Deprecation would mean that we warn in clang-tidy 18 and fully remove support in clang-tidy 20. What do you think?

2 Likes

Hi,

When for simple options I agree that new format of config is easier, it’s not easier for checks.

Examples (Clang 16):

Old way:

- key: something-forbidden-apis.ForbiddenFunctions
  value: |
     ---
      - name:             abort
        warningText:      forbidden api call 'abort'
        headers:
        - cstdlib
        - stdlib.h
      - name:             printf
        warningText:      forbidden api call 'printf'

New way (dump):

something-forbidden-apis.ForbiddenFunctions: "---\n - name:             abort\n   warningText:      forbidden api call 'abort'\n   headers:\n   - cstdlib\n   - stdlib.h\n - name:             printf\n   warningText:      forbidden api call 'printf'\n"

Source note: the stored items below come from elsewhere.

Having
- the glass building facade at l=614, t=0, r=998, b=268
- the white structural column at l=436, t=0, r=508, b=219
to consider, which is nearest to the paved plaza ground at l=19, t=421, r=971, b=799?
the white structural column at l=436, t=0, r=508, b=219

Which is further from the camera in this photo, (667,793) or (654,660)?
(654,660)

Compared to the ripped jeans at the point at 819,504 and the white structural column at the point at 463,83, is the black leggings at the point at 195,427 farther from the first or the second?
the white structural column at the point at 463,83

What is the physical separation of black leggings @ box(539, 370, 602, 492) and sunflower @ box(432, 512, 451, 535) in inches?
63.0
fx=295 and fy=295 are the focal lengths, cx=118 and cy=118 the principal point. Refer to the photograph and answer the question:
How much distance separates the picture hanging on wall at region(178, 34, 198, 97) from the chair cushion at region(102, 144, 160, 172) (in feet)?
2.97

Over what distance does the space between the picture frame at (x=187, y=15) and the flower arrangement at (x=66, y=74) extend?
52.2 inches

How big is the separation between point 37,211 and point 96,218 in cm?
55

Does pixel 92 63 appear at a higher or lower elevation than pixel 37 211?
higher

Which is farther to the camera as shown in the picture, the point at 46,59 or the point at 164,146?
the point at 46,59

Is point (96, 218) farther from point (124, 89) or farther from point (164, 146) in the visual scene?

Of course dump were broken even before with:

- key:             something-forbidden-apis.ForbiddenFunctions
  value:           "---\n - name:             abort\n   warningText:      forbidden api call 'abort'\n   headers:\n   - cstdlib\n   - stdlib.h\n - name:             printf\n

This mean that not only basic clang-tidy config file need to switch to new format, but also invidual checks need to switch into new format. And to make config output readable some support would be required for multi-line format.

Other problem is that current config format is custom one, it’s not yaml, its not json, who knows what it is, and as a result you get dump like:

misc-definitions-in-headers.HeaderFileExtensions: h,hh,hpp,hxx
bugprone-suspicious-include.ImplementationFileExtensions: 'c;cc;cpp;cxx'

and start asking your self, what it is ? string or list.

For me clang-tidy just should switch from yaml to json (full json), but now we stuck somewere in between with this trash. Thats why I do not plan to use new format and stick with yaml thats more readable. And this is a reason why old format shouldn’t be deprecated.

For me to make this work it would need to work with structures in readable way.
Both in dump and in input file with easy support for checks (some examples).

If you look over internet then all examples are using old yaml format.
In summary: -1 from me for now

Thanks for the example, that’s very enlightening! I think the clear problem is abuse of primitive types. In particular, we are abusing the string type for everything. In your example, the value for that option is a string, which itself represents a dict. That’s why it’s printed badly when dumped. I wonder if the patch by @njames93 to support nested dicts could solve that?

I agree, perhaps we could just switch to json and use a proper 3rd-party library to parse it, but it sounds like a much larger change. I don’t even know what policies we have for incorporating 3rd-party libraries…

@PiotrZSL I came back to this and realized that we don’t need to use the ugly way, everything should remain identical:

something-forbidden-apis.ForbiddenFunctions: |
     ---
      - name:             abort
        warningText:      forbidden api call 'abort'
        headers:
        - cstdlib
        - stdlib.h
      - name:             printf
        warningText:      forbidden api call 'printf'

I.e. you are using multiline strings for the value, which is possible regardless of using the old/new scheme. WDYT?

For me such approach would be fine. (if it will work).

Also good to have some data: currently there seems to be 80k+ hits of the old pattern out in the wild:

Ok, I tested this localy, works fine.
In this case I’m OK with deprecating this legacy config.

To make migration easy we should:

  • change --dump-config to --dump-config=simple --dump-config=full, with default being full, but in simple mode we wouldn’t print default options for checks.
  • Maybe remove “user” printing from --dump-config, do we need this ?
  • Make --dump config properly print text with new lines, in such case use | character.

With all of that migration will be very easy, as user could just use --config-file and --dump-config. I think that some of our tests still use old format.